C’est la fin. Vous teniez une solution magique, il n’a fallu que quelques heures pour qu’apparaisse tout ce qu’elle avait de naïf et de simplificateur. Vous voici arrivé à la conclusion inverse : planter des arbres pour préserver le climat, c’est n’importe quoi. Vous jurez qu’on ne vous y reprendra plus. Mais avant cela, reste une dernière chose à vérifier. Votre moteur de recherche, Ecosia, cela vous revient, promettait lui aussi de planter des arbres pour compenser l’empreinte de votre utilisation d’Internet. Du bluff, là encore ?

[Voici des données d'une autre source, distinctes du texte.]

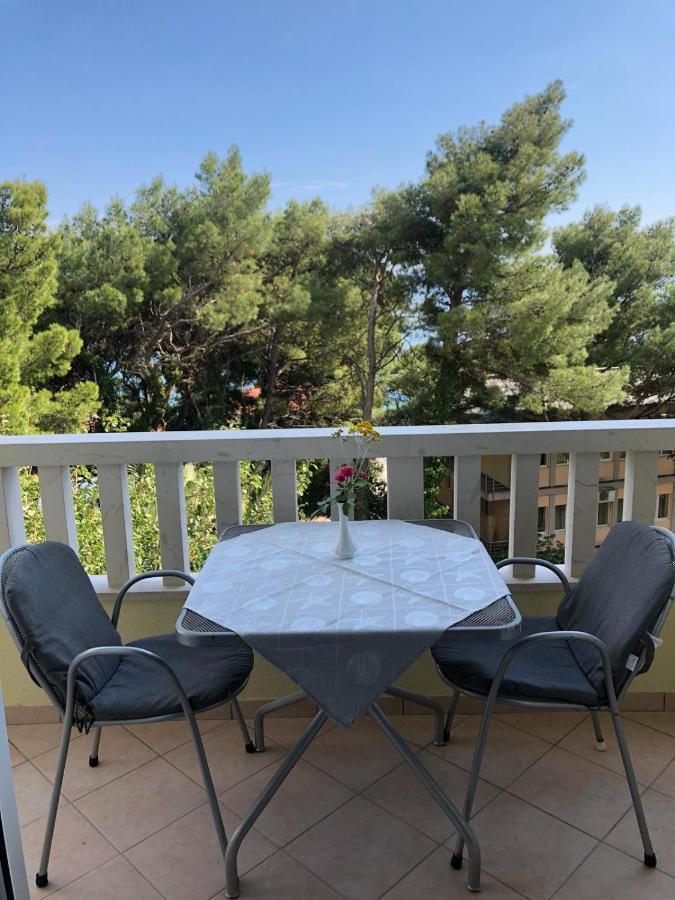 Villa Rosso Baška Voda Extérieur photo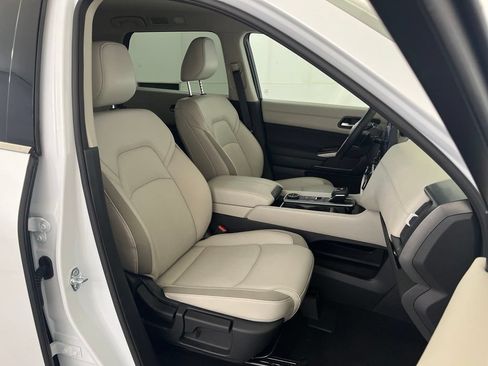 Used 2026 Nissan Pathfinder SL AWD/4WD image 21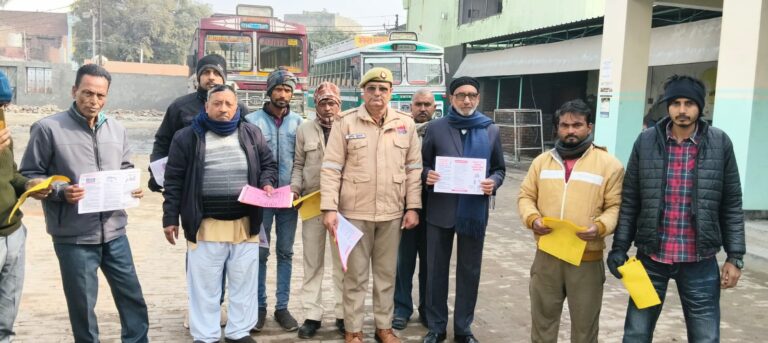 *यातायात पुलिस मुजफ्फरनगर द्वारा बस चालकों व परिचालकों को यातायात नियमों के प्रति किया गया जागरूक*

Peut-être pas tant que cela. Dans un entretien (5), le fondateur d’Ecosia semble conscient des pièges. « Quand on plante des arbres, il est important de le faire de la bonne manière », précise-t-il. « Nous ne plantons pas nous-mêmes des arbres mais nous travaillons avec des associations, des ONG et des entreprises dont c’est la spécialité. » Une sélection s’opère : « Nous avons aussi rejeté de nombreux dossiers car ils n’apportaient pas les garanties suffisantes. Ce qui est important, c’est de planter des arbres aux endroits où ils devraient être plantés, pour ne pas déstabiliser l’écosystème, dont les sols. »

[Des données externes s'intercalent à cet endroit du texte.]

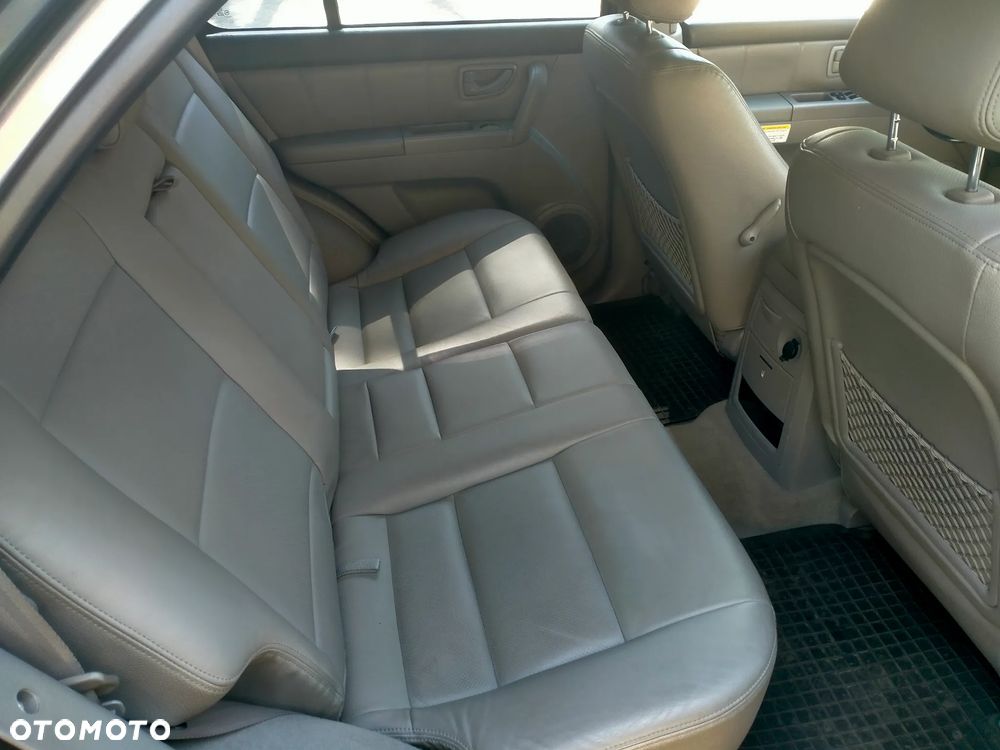 Kia Sorento 2.5 CRDi DPF EX - 9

C’est le moment d’atterrir. Croire que planter 1.200 milliards d’arbres est une solution miraculeuse pour stopper le dérèglement climatique est une déformation occidentale de l’esprit humain. Galilée comparait la nature à un grand livre de mathématiques, Descartes voyait l’Homme devenir maître et possesseur de celle-ci. Eh bien, en comptant le nombre d’arbres et de gigatonnes de CO2 qu’ils peuvent séquestrer, nous reproduisons le vieux schéma rationaliste de la modernité. L’histoire du marteau qui voit tous les problèmes sous forme de clous. De la mentalité d’ingénieur, dirait Aurélien Barrau. Nous réduisons le vivant à un livret de comptabilité.

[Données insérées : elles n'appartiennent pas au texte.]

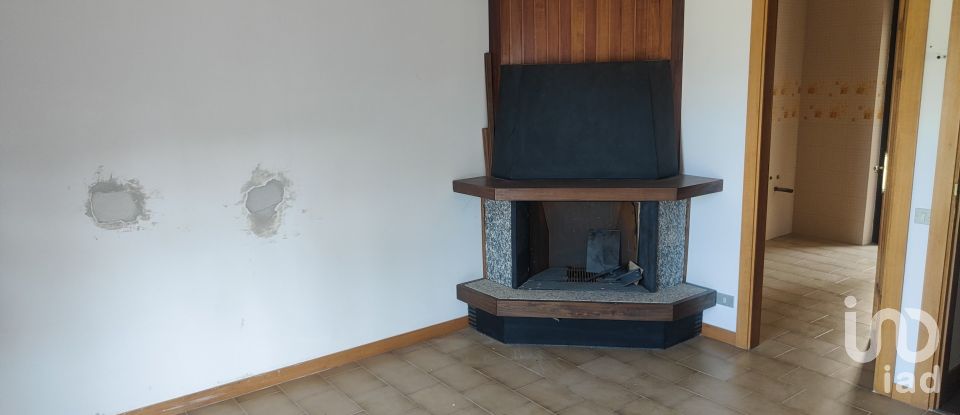 Casa indipendente / Villa 13 locali di 250 m² in Offida (63073)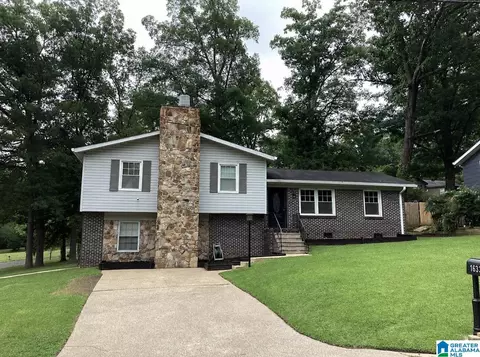 1633 6th Way NW, Center Point, AL 35215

Mais si, déçus d’avoir cru au miracle mathématique, nous nous mettions à critiquer avec aigreur et cynisme tout projet de plantation d’arbres, nous agirions comme des enfants gâtés de la modernité dont on a cassé le dernier jouet. Le treewashing existe, les multinationales sont sans scrupules, certes, mais les arbres font partie des écosystèmes à régénérer et donc des pistes à suivre. Sans naïveté et en accordant notre confiance à des organismes qui travaillent au plus proche du terrain, en lien avec des expertises plurielles, à la fois scientifiques et associatives, locales et régulièrement évaluées (6).
REFERENCES
- Voir « Ryanair lance un nouveau calculateur de carbone », https://corporate.ryanair.com/.
- “Planting 1.2 Trillion Trees Could Cancel Out a Decade of CO2 Emissions, Scientists Find” sur Yale Environment 360, https://e360.yale.edu.
- « Planter des arbres pour mieux polluer ? », Tribune dans Libération par Sylvain Angerand, président de l’association Canopée et Jonathan Guyot, président d’all4trees, 3 avril 2019.
- Aguirre-Gutiérrez, Jesús et al., “Valuing the functionality of tropical ecosystems beyond carbon” dans Trends in Ecology & Evolution, Volume 38, Issue 12, 1109 – 1111.
- Christian Kroll (Ecosia) : “Nous ne nous contentons pas de planter des arbres, nous les faisons grandir”, sur We Demain, propos recueillis par Florence Santrot le 21 mai 2022.